_Task to carry out_
Your task is to retype, exactly and without pictures, the line holding "2 Drawer Wood" and each line that follows it to the end of the entries.

Dataset items:

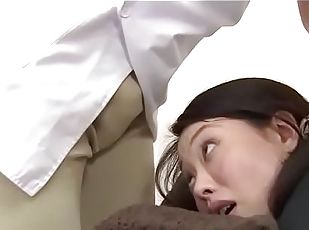 Dark haired Japanese babe massaged and pussy fucked afterwards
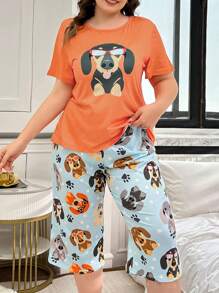 Conjunto de ropa de dormir de 2 piezas talla grande con estampado - Multicolor - Ver 3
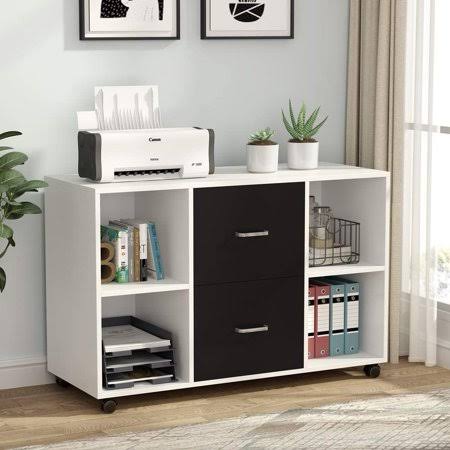 2 Drawer Wood File Cabinet with Storage Shelves W58959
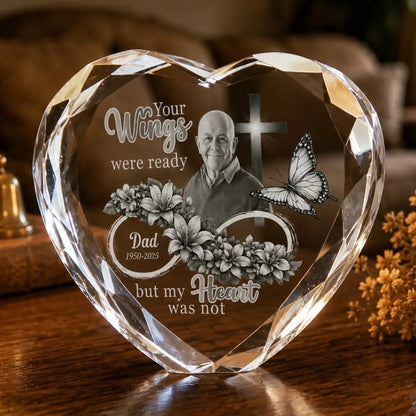 Custom Engraved Heart 3D Crystal Photo WithStand-Personalized In Loving Memory Gift WithCustom Photo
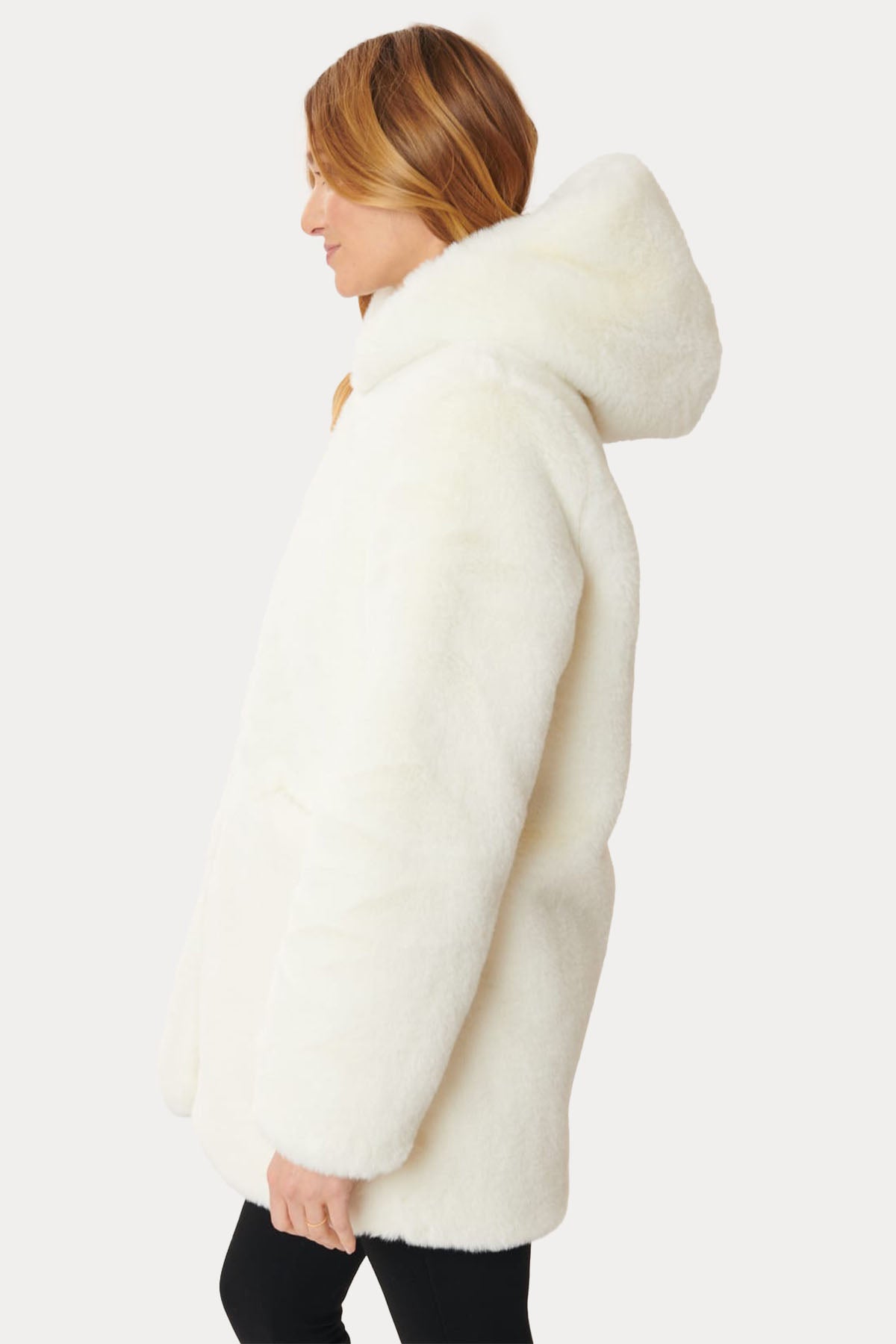 Rene Derhy Carly Kapüşonlu Peluş Manto-Libas Trendy Fashion Store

_Result of this task_
 2 Drawer Wood File Cabinet with Storage Shelves W58959
 Custom Engraved Heart 3D Crystal Photo WithStand-Personalized In Loving Memory Gift WithCustom Photo
 Rene Derhy Carly Kapüşonlu Peluş Manto-Libas Trendy Fashion Store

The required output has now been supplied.